ABSTRACT

The Nazi Holocaust is the worst crime in human history, in its scale and its horror. Yet the academic study of the Holocaust by criminologists is largely neglected. Sumner has sought to draw attention to this neglect (Sumner, 1990a:20-3). He makes the case, as Lopez-Rey (1970) does, that criminology has for too long neglected crimes of the state, war crimes, and genocide and focused upon ‘juvenile delinquent behaviour’. At a more general level Rock makes the point that ‘the erratic history of criminology has been marked by the organized neglect of many, if not most, of the phenomena that constitute crime’ (Rock, 1973:392). The point is that criminology needs to focus on the big crimes as well as the small. It must examine the political economy of crime; it must examine the cultural context of the censure of crime.

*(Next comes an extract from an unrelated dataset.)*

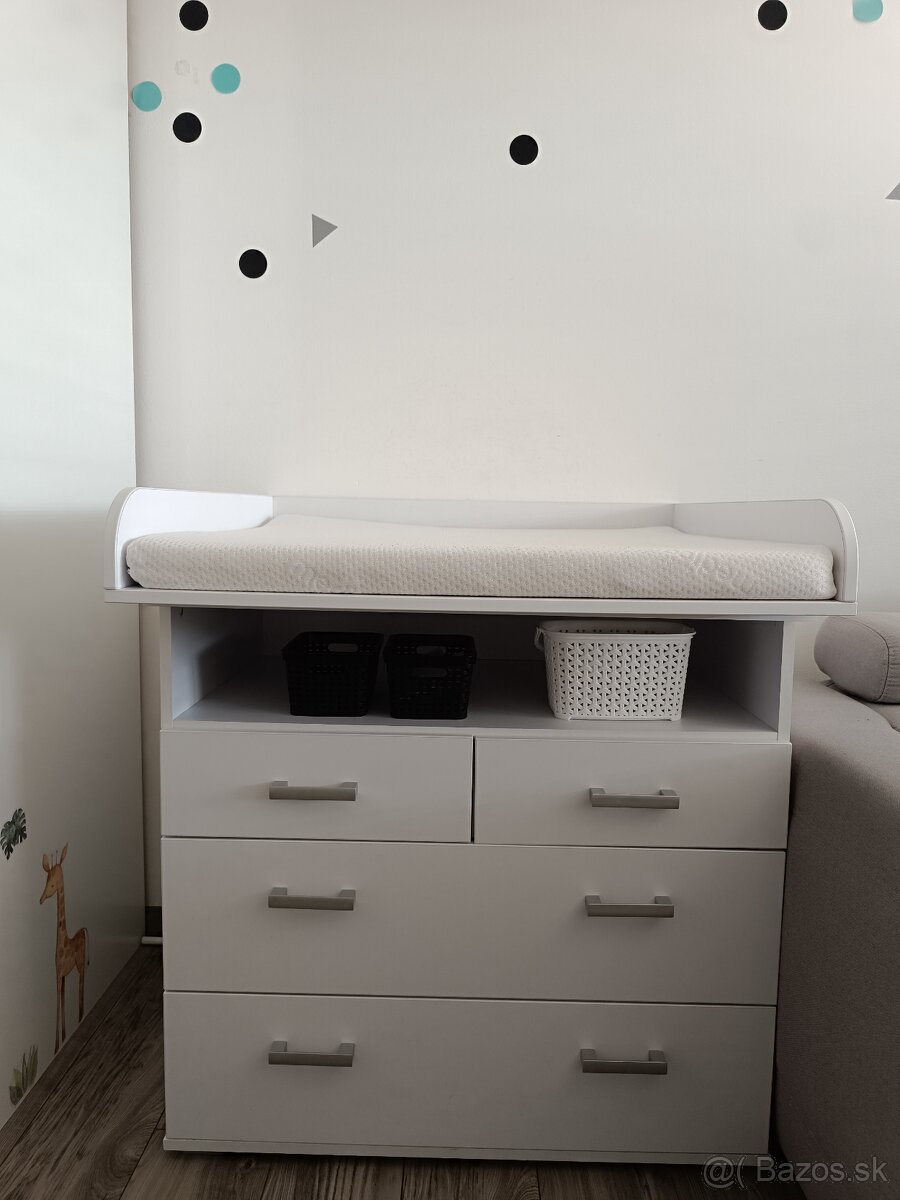 Prebaľovací pultík s komodou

It must seek to examine the ideology of censure. It must perceive crime in relation to history. Finally, a theory needs to be developed to note how art and culture contribute to crime. A need exists to examine further aspects of violent censure when such censure is legitimized by the state. This chapter seeks to examine how the banal censure of anti-Semitism was nourished by the Nazi state. It is noted how such a censure once nourished led directly to genocide. The chapter will examine how the political and economic climate of the 1920s and 1930s positioned Germany to an anti-modernist and anti-Semitic ideology. It will show how that ideology was reflected in the art of the Nazi period. It is my aim to demonstrate the ideological role of National Socialist art in the plan to marginalize, and ultimately to annihilate, European Jewry. The historical analysis offered will be aimed at filling a gap which exists in the criminological treatment of genocide. In general, the social sciences have neglected aesthetics, and this focus on art in the study of the Holocaust may

make a contribution to sociological studies. Because there is such a wealth of art historical academic writing to be evaluated, and because the art of the Nazi period has still not been penetrated, the perspective may be particularly fertile for the development of criminological theory.